I turned in bed for what felt like the hundredth time, my body restless, my mind louder than the night itself. The memory of Leon's hand still lingered on my skin, a phantom touch I couldn't shake. Protective. Possessive. Calculated. I knew better than to mistake it for affection... Leon Martins wasn't built for tenderness. But there had been a flicker in his eyes, a fleeting second where I felt seen.
And that was the most dangerous thing of all.
I couldn't stay in the bed another moment. Sliding out, I padded barefoot across the marble, my robe trailing like a whisper behind me. The chill that kissed my skin wasn't from the air but from the house itself, as though the walls exhaled secrets.
Since the wedding, unease had been growing inside me like a thorned vine.
Leon's warning about the west wing.
His voice on the phone.
She won't last the year.
The words replayed in my head, sharp and merciless. Last. Gone. Forgotten.
They wouldn't let me rest.
The hallway stretched ahead, drenched in muted gold from the chandeliers. Shadows clung to every corner, stretching long and dark as if they wanted to swallow me whole. My pulse quickened with each step, but my feet carried me forward anyway, curiosity stronger than fear.
The west wing came into view like a forbidden forest. Its double doors were heavier, darker, carved with strange, curling patterns that looked less like decoration and more like warnings. I pressed my ear to the wood. Silence.
That silence dared me.
And I pushed it open.
The air that met me was colder, tinged with cedar and something metallic that clung to the back of my throat. The hallway beyond stretched endlessly, lined with portraits. But they weren't of the Martins family. These were strangers-men in suits, women veiled, children with hollow eyes. Some faces had blurred with age, but others had been deliberately ruined, the eyes scratched out as though someone had tried to erase them from existence.

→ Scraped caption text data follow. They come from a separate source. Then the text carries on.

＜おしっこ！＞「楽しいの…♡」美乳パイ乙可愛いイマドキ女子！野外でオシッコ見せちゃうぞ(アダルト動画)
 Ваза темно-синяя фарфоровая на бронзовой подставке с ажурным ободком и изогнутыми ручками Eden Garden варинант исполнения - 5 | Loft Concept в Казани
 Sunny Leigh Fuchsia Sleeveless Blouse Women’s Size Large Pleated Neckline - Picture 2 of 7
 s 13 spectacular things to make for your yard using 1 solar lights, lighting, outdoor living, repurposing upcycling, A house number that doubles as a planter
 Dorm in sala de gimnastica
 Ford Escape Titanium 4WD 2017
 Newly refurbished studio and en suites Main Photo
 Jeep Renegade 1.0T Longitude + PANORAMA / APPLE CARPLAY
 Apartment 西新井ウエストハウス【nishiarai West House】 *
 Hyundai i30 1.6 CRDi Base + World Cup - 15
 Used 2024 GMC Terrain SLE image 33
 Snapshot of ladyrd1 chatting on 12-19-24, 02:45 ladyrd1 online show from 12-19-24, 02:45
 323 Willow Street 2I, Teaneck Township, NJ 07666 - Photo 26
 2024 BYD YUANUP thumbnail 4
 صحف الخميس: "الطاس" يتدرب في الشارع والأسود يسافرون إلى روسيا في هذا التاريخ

A shiver crawled down my spine.
Then I heard it. A soft click. Footsteps.
I froze.
Leon's voice cut through the silence, low, controlled, lethal in its calm. He was on the phone.
"...No, it's handled. The senator is in no position to fight back. His daughter is nothing but leverage. A cover."
Leverage. Cover.
My father.
Me.
The words hit me like ice water, chilling me from the inside out. I clamped a hand over my mouth before the sound of my breath betrayed me. This marriage wasn't just cold. It was calculated. I wasn't a wife. I was a pawn.
My body trembled as I slipped behind a column, hidden in shadow. Every instinct screamed at me to run back, to pretend I hadn't heard. But another part of me-reckless, furious-wanted to step out, to confront him, to demand the truth.
The footsteps grew closer.
"Who's there?"
His voice was sharper now, dangerous. The kind of voice that could end things with a word.
I didn't move. Didn't breathe.
The phone buzzed again. After a long pause, Leon cursed under his breath and answered, his tone clipped, shifting back into command. His footsteps receded, swallowed by the hall.
Only when the silence returned did I let myself collapse against the wall, my chest heaving. My world tilted, spinning out of control. Leon hadn't just married me to bury a secret. He was the secret.
And I had just stumbled into the center of it.
I slipped back toward my room, silent as the shadows, my mind racing with everything I'd heard.
Leon Martins wasn't hiding only a west wing.
He was hiding the truth behind my family's destruction.
And if I wasn't careful, he would bury me with it.